Brazilian Shrimp Stew: Vatapá
This is incredible. It's unlike any other dish we've ever cooked. A vibrant thick stew with it's roots in African cuisine it's now a favourite in the north east of Brazil. A creamy and nutty flavour with a slight kick from chilli, tang from the lime and a hearty shrimpy taste. Complete with our twist of pan fried prawns and seabass it's fit for anyone and everyone to enjoy.
- 50 g dried shrimp
- 1 shot palm oil
- 1 large onion
- 2 cloves garlic
- 1 red chilli
- 1 tin coconut milk
- 50 g cashew nuts
- 50 g shelled peanuts
- 2 slices stale bread
Soak the dried shrimp in warm water for 15 minutes, then drain and blend them to a paste in a small food processor.
Peel And Fry Ingredients
Peel and roughly chop the onion and garlic, then deseed and chop the chilli.
Fry all of these in a deep saucepan with a shot of oil for 5 minutes until softened.
Blitz the bread up into breadcrumbs.
Add Ingredients To Pan
Tip in both nuts, the shrimp paste, coconut milk, breadcrumbs and 500ml of water.
Heat to a simmer and bubble for 30 minutes.
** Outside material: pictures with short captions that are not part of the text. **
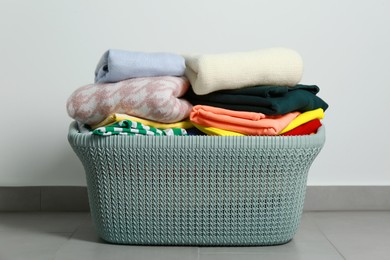 Plastic laundry basket with clean clothes on floor indoors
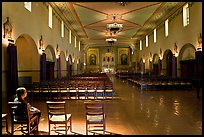 Woman sitting in chapel, Mission Santa Clara de Asis. Santa Clara,  California, USA (color)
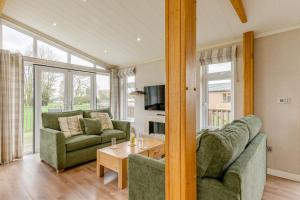 a living room with two couches and a table at Primrose 2 bed - Violet in Eye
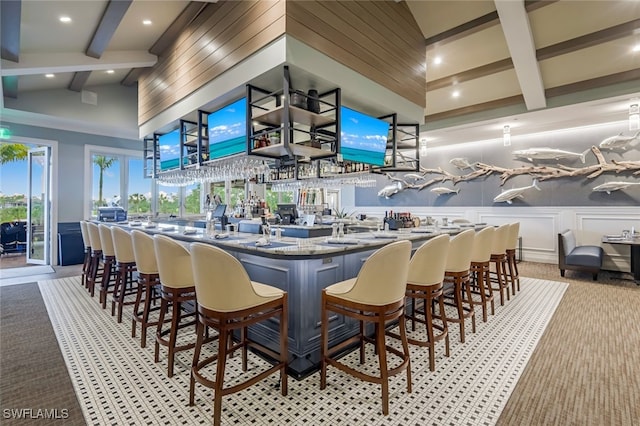 bar featuring beam ceiling, light colored carpet, and a high ceiling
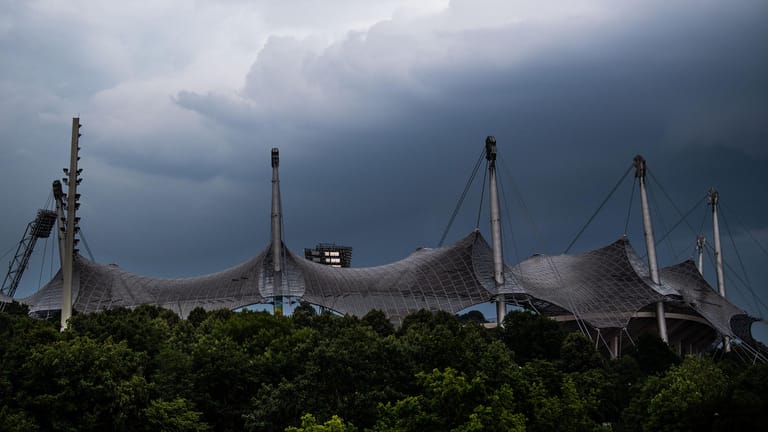 Bayern, München: Dunkle Wolken sind hinter dem Dach vom Olympiastadion zu sehen.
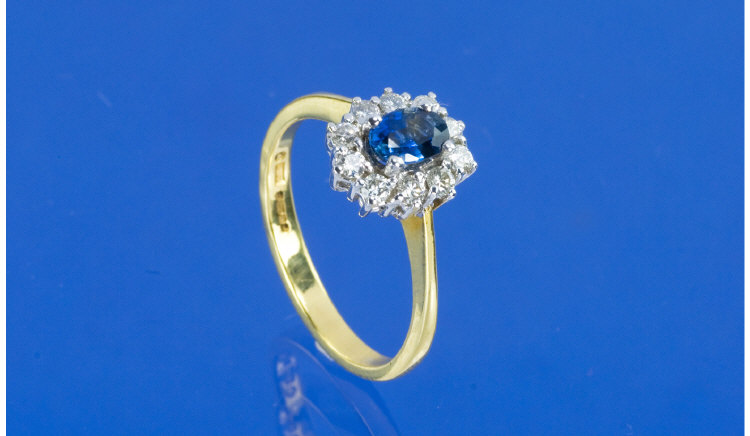 Appraisal: ct Gold Sapphire And Diamond Cluster Ring Central Oval Sapphire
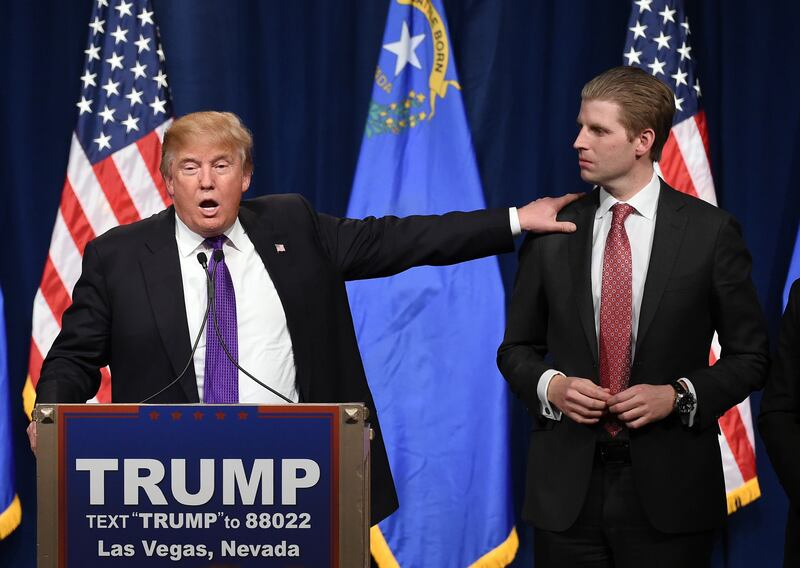 Donald Trump (L) speaks as his son Eric Trump looks on.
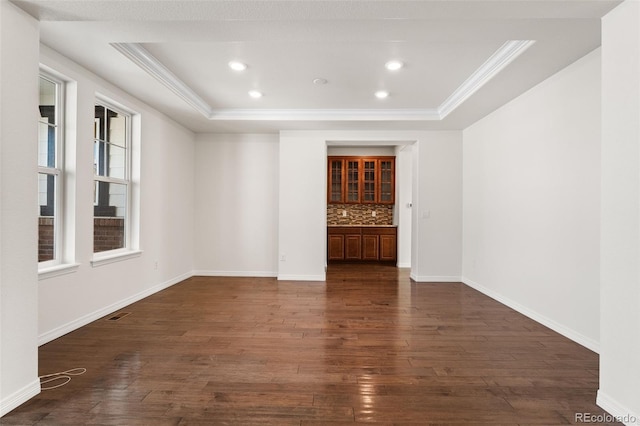 spare room with dark wood-type flooring, ornamental molding, and a raised ceiling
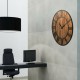 27-inch round wall clock with rustic wood design and metal Roman numerals, ideal for office or coffee bar decoration.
Blend the sauce to a smooth but thick stew.
Trim the seabass to neat portions, keeping the skin on and season with salt and pepper.
Pan fry in palm oil until the seabass skin is golden then turn them over and squeeze over a little lime juice.
Fry the prawns alongside the fish for a minute before serving with the stew and seabass.
Squeeze over more lime juice, garnish with freshly picked coriander leaves, sliced red chilli and ample steaming rice beside.